Nunc Dimittis Bruce Glick - Poultry Science
●Bruce Glick
Bruce Glick, accomplished researcher, teacher, and administrator, died February 19, 2009. He was born May 5, 1927 in Pittsburgh, Pennsylvania. An interest in birds led him to the Poultry Science Department at Rutgers University after completing military service during Word War II. He followed his undergraduate education with a MS at the University of Massachusetts, and he completed a PhD at The Ohio State University in 1955.

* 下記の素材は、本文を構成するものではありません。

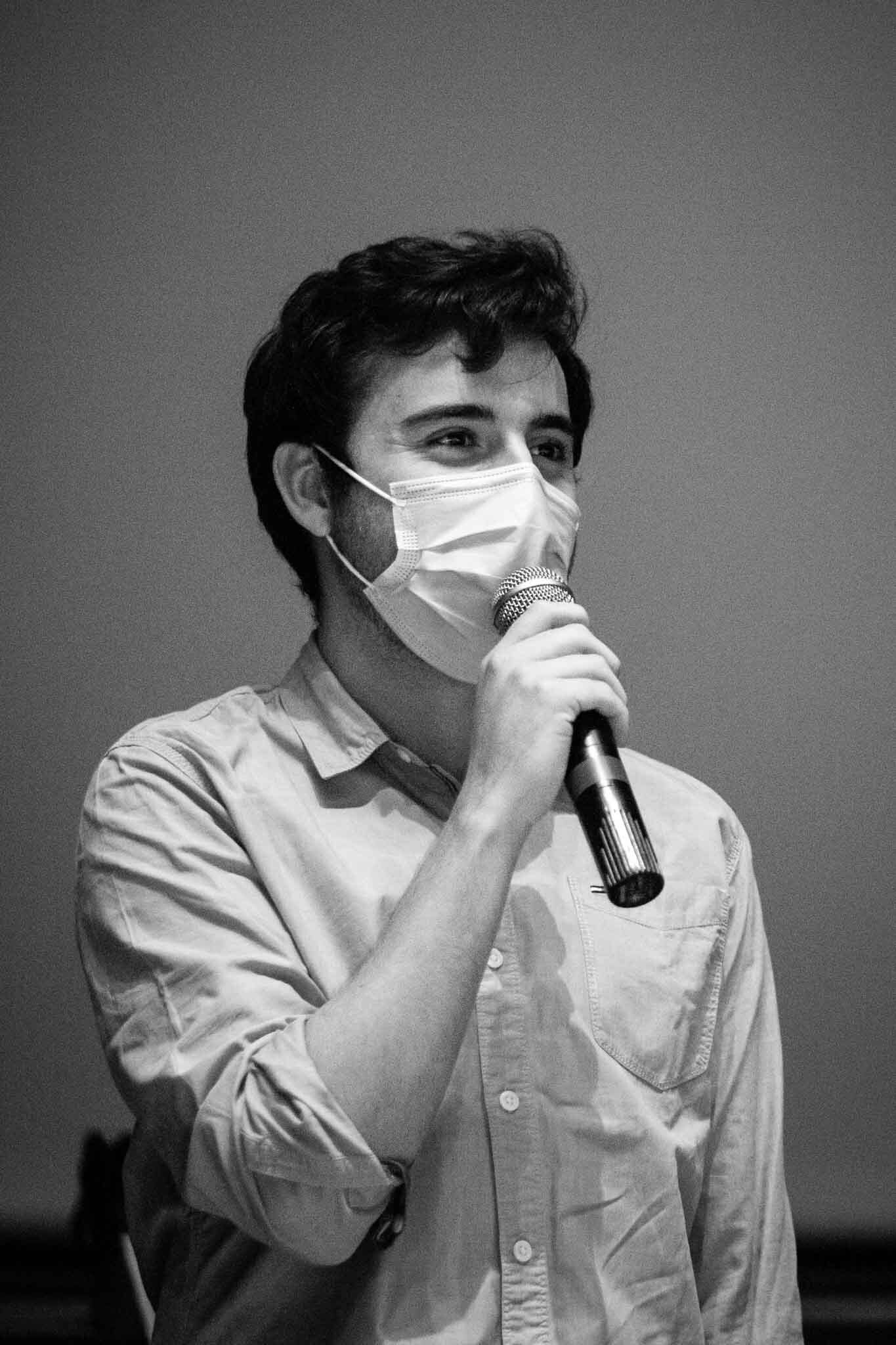 Foto de Luis Arrojo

https://ps.oxfordjournals.org/content/88/5/1129.full.pdf
現代免疫物語―花粉症や移植が教える生命の不思議 岸本忠三・中嶋彰/著 ブルーバックス 2007年発行
グリックの失敗 (一部抜粋しています)
私たちは今でこそ、免疫の主役を担うB細胞とT細胞がどこで生まれて育ち、これらがいかに精緻で巧みな連携プレーをするかを知っている。
B細胞の「B」は骨髄(Bone marrow)の「B」。骨の中の骨髄で誕生するB細胞は、外部から侵入してきた病原体と戦い抗体を作り出す。ただしB細胞は自分だけでは抗体は生み出せない。B細胞が抗体を作るにはヘルパーT細胞の助けを借りなければいけない。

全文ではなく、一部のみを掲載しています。